It’s one of those crazy weeks when everyone at MCW is racing off somewhere, too busy for our Sunday group blog, so here, instead, is a new offering: The Once A Month Writing Tips Sunday. We inaugurate this feature with some tips for getting some writing done when you’re just too darned busy to write, because we know one of the biggest challenges many writers face is finding time to write. We all know that exercises are very helpful in getting the creative juices flowing and for practicing our craft. Yes, we all know it, but we’re busy.
Since one of the most important skills a writer can hone is that of being a careful observer, I developed the following exercises. They combine close observation with craft and are designed to be done during your lunch hour. I’ve been teaching for many years, so I’ve done variations of these exercises with classes and workshops many times. I still find the results surprising, fascinating, and delightful. I hope you will, too.
If you’re one of those people who feel self-conscious observing others in public, or don’t understand that your writer’s pen and notebook are your license to be nosy (perhaps curious is a nicer word), try taking a writer friend with you the first few times you try these out. And remember—writers save everything. Even if you’re not satisfied with your results, stick the exercise in a file. You never know—someday that character you watched, that detail you observed, or that conversation you imagined may be just what you need for a story you’re writing. So keep an idea file. A character file. A dialogue file. And toss these in. The cast of characters is always changing, so you can do these exercises more than once.
Okay. It’s lunch time. Grab your notebook and your favorite pen. Stick them in your purse or your pocket, and head out. It’s time to go people-watching.
Exercise 1: Pick a couple in the room you interest you and write the conversation you imagine they’re having.
ex: I know the first thing she said was, “Why didn’t you call?” because I overheard that as I passed their table. What I didn’t expect was his reply. “They don’t let you make calls from jail, Kat.” She didn’t look like a Kat, and he didn’t look like a jailbird, so I hunched nosily over my coffee, waiting to hear what they’d say next.
A variation on the exercise above is to pick two people in the room who aren’t together and imagine their conversation. You can do this with two people you think would go well together, then try it a different time with two people who look like they’d ordinarily never meet. Characters who surprise us often produce some of our best writing.
ex: You wouldn’t have put them together in a million years. She was a saggy-baggy old hippie in Birkenstocks and a snarled Peruvian shawl. He was pimply, pierced and Mohawked.
Exercise 2: Pick a particular food smell out of the air and write what it makes you think of. You can go so many places with this exercise, you can do it several times. Do it with soup. With fried foods. With breakfast smells or simply with coffee. Do it with ethnic foods. Do it with the smell of something you hate.
ex: Frying bacon on a winter morning flashes me back to Uncle Henry’s camp. A few, deep greasy breaths and this neighborhood diner melts away.

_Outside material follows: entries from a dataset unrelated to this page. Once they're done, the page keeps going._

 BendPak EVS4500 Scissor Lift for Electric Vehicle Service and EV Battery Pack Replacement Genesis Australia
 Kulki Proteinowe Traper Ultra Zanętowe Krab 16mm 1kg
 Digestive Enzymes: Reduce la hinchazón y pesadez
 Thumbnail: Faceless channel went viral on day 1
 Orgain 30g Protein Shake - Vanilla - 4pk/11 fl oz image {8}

Exercise 3: Using only a single one of your senses, describe what is going on in the room around you. Repeat the exercise, using a different sense. Notice how challenging it can be to find good words for scents.

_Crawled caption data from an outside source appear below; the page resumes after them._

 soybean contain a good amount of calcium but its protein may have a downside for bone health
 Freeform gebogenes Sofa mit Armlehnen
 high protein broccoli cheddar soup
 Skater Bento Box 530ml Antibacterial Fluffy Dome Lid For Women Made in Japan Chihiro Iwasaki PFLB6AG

A variation on this exercise: Describe the same sandwich in 150 words. In 50. In only 20 words.
Exercise 5: Choose someone in the room who looks unhappy. Using their demeanor, expression, posture, outfit and even what they are eating, write a few paragraphs describing what they were doing just before they came in here to eat.
Exercise 6: Find someone who is wearing an interesting piece of clothing, wearing a unusual hat, or carrying an interesting object—pack, purse, walking stick, etc.—and write the story of how they got it.
Exercise 7: Another dialogue exercise. Listen for an unusually loud or striking piece of conversation or a comment that strikes you. Then write a dialogue between or among the people at that table, using the comment. A variation on this which occurs very frequently is the overheard piece of a cell phone conversation. Imagine who is on the other end, and what they say next.
Note: The idea behind these exercises is to get you thinking and observing like a writer and practicing the skills of writing description, dialogue and interior monologue. Have fun with them!